Сомнения относительно происхождения хрустального черепа появились уже в XIX веке. Хотя бы потому, что приобретен он был у антиквара Эжена Бобана — лихого путешественника и не слишком чистоплотного предпринимателя. Однако лишь в 2007 году в лаборатории Бранли были проведены трехмесячные исследования, окончательно разоблачившие легенду о черепе. Он был выточен при помощи алмазных резцов не раньше второй половины XIX столетия, скорее всего, в одной из ювелирных мастерских на юге Германии, где и сегодня специализируются на схожем способе обработки камня.

«Разоблаченный» череп был представлен публике в рамках специальной выставки, открывшейся в канун европейского старта фильма «Индиана Джонс и Королевство хрустального черепа». Подобная смычка с шоу-бизнесом вызывает мысль о том, что если музеи строят… значит это кому-нибудь нужно.

Эта мысль усиливается и углубляется, если побродить по улочкам в окрестностях набережной Бранли. Здесь вы обнаружите не одну, и не две, и даже не дюжину галерей, специализирующихся на продаже африканских и азиатских древностей.
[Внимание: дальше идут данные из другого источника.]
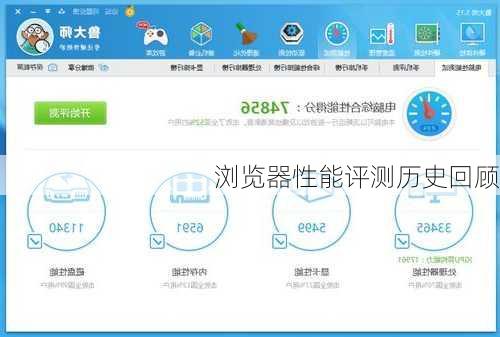 浏览器性能评测历史回顾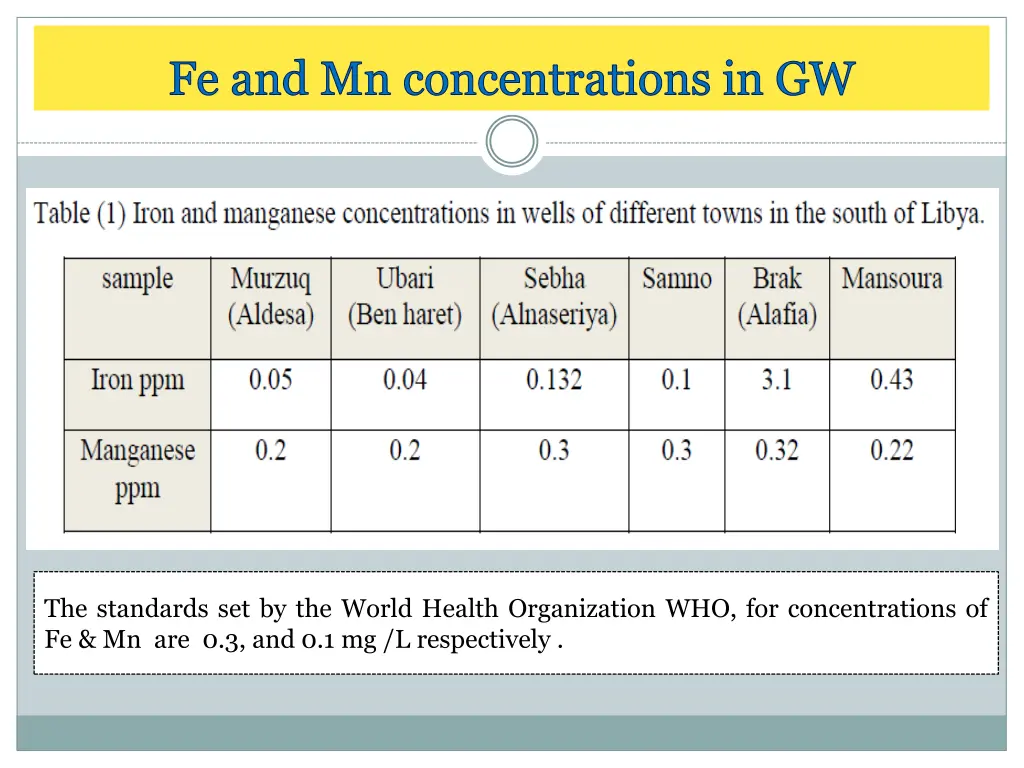 fe and mn concentrations in gw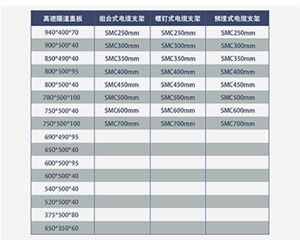 產(chǎn)品規(guī)格表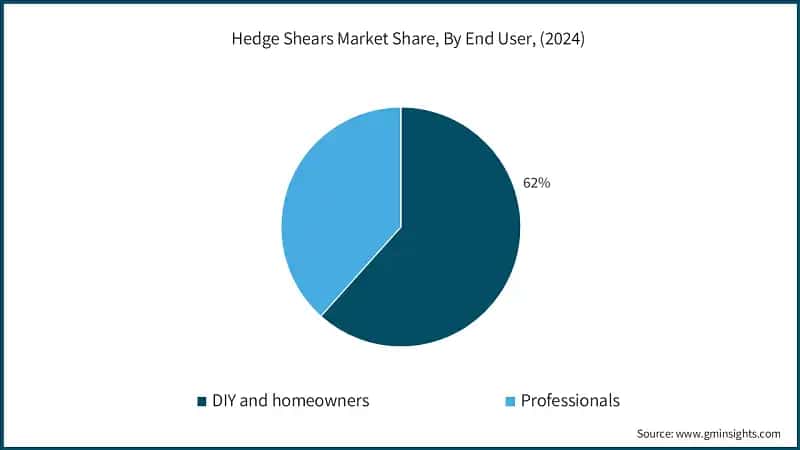  Hedge Shears Market Share, By End User, (2024)
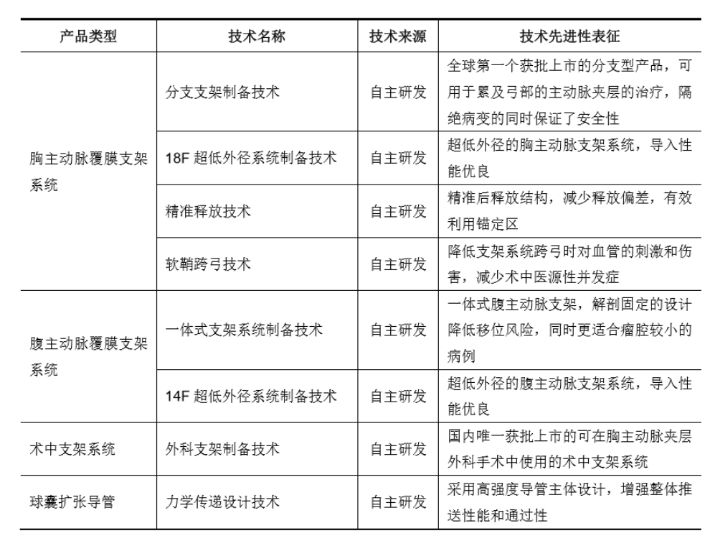 药品管理立法修订,药品监管改革最新方案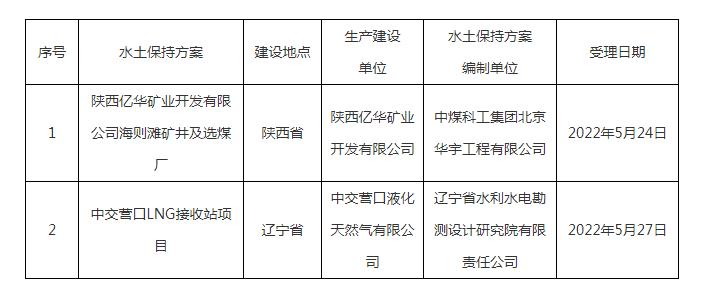 水利部關(guān)于2022年5月23日—2022年5月27日生產(chǎn)建設(shè)項(xiàng)目水土保持方案審批申請受理情況的公示.png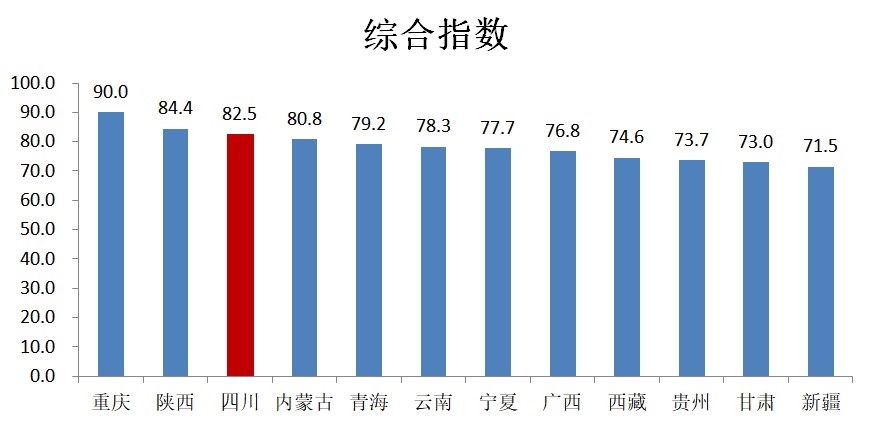 消费水平指数排名 9959-iteyfww4424740.jpg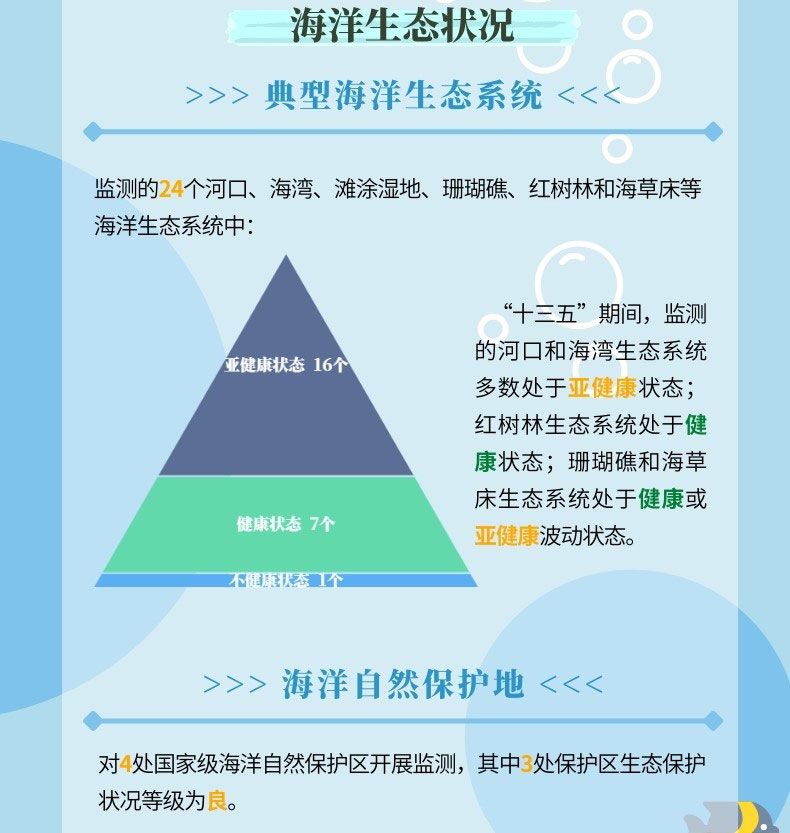 一图读懂《2020年中国海洋生态环境状况公报》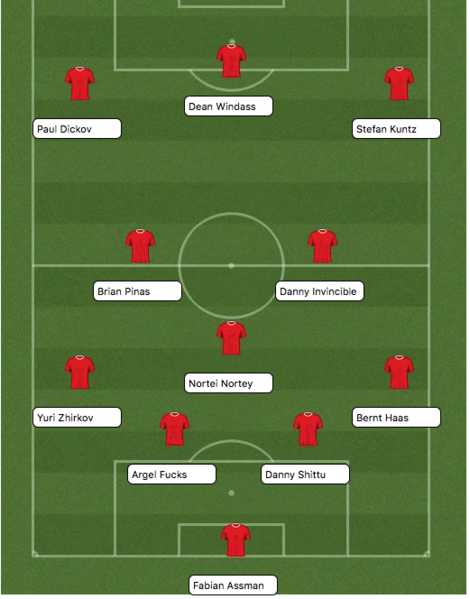 File:433formation.png
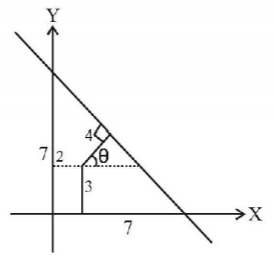 Straight Lines mcq solution image Straight Lines mcq solution image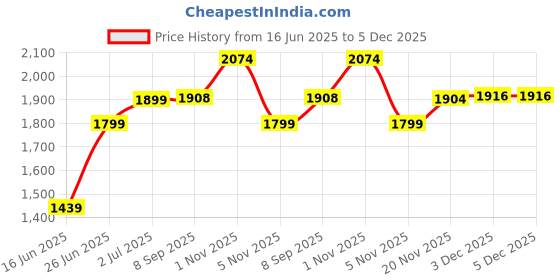 flipkart.com alpha Ultra Premium Designer Ceramic Wash Basin(M-White) (18*13*5)(White) Table Top Basin alpha Price History Graph from 16 Jun 2025 to 5 Dec 2025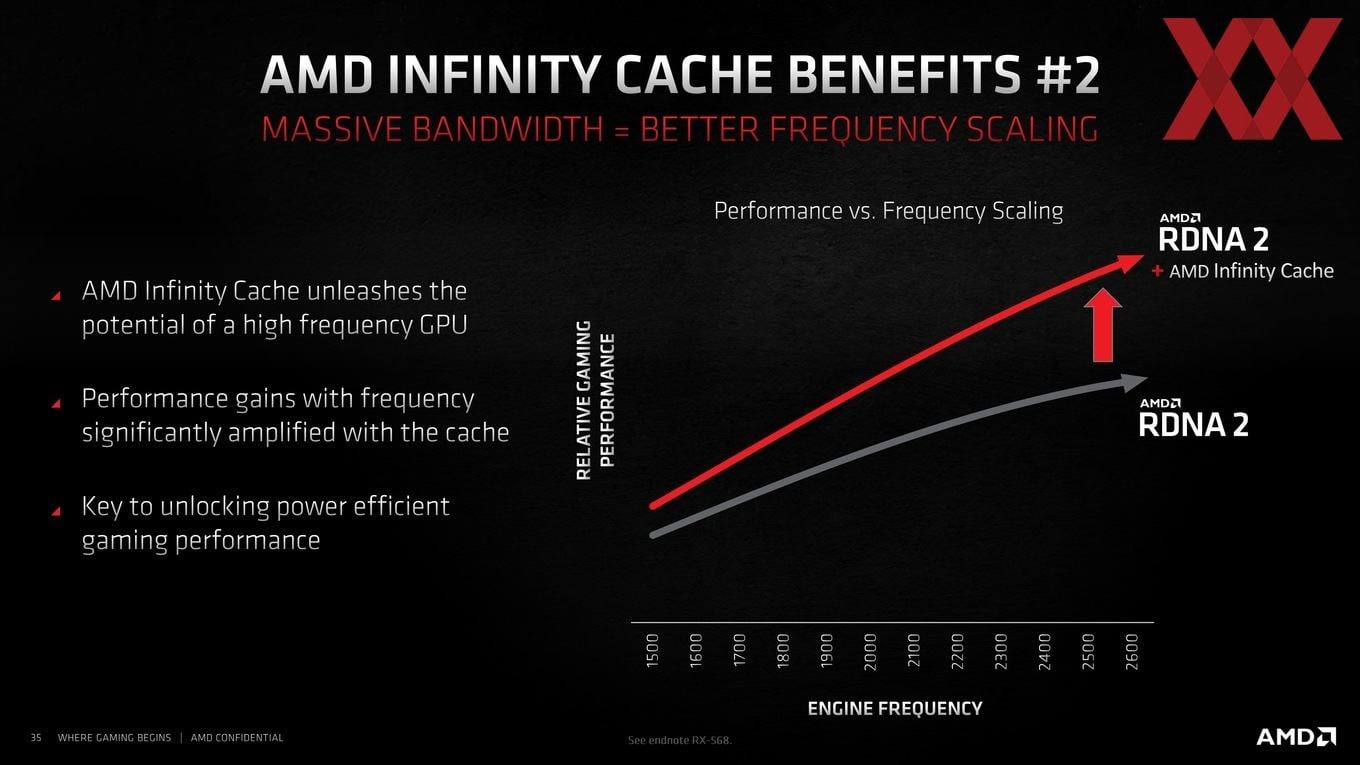 2021-03-Infinity-Cache-v-GPU-architektuře-RDNA-2-06.jpg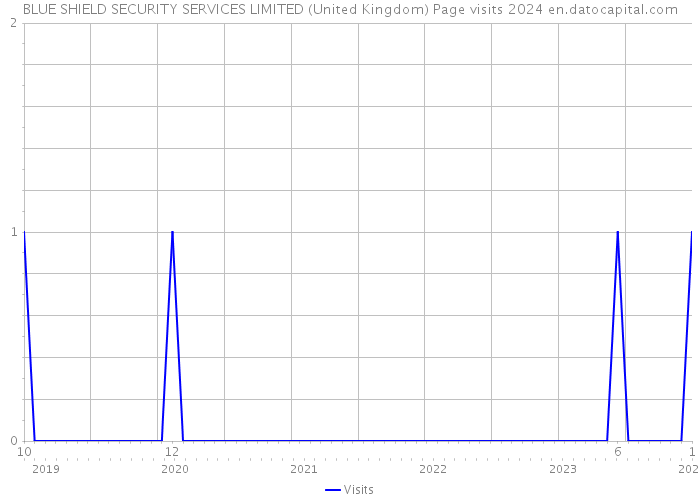 BLUE SHIELD SECURITY SERVICES LIMITED (United Kingdom) Page visits 2024 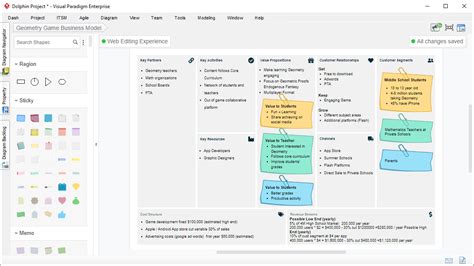 Business Model Canvas Visual Tool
«Верстовые столбы», прежде отмечавшие зону господства племени, сегодня направляют посетителей музея

Цены на эти артефакты, ранее представлявшие интерес в основном для узкого круга любителей, за последние годы выросли многократно. Один мой знакомый адвокат, прежде собиравший экзотические маски и скульптуру исключительно ради собственного удовольствия, сейчас забросил надоевшую юридическую практику и переквалифицировался в дилера по «африканскому искусству». «Океанический рынок» пока не переживает того бума, какой имеет место в искусстве современном, но явно стремится к нему и, возможно, станет следующей площадкой финансовой карусели.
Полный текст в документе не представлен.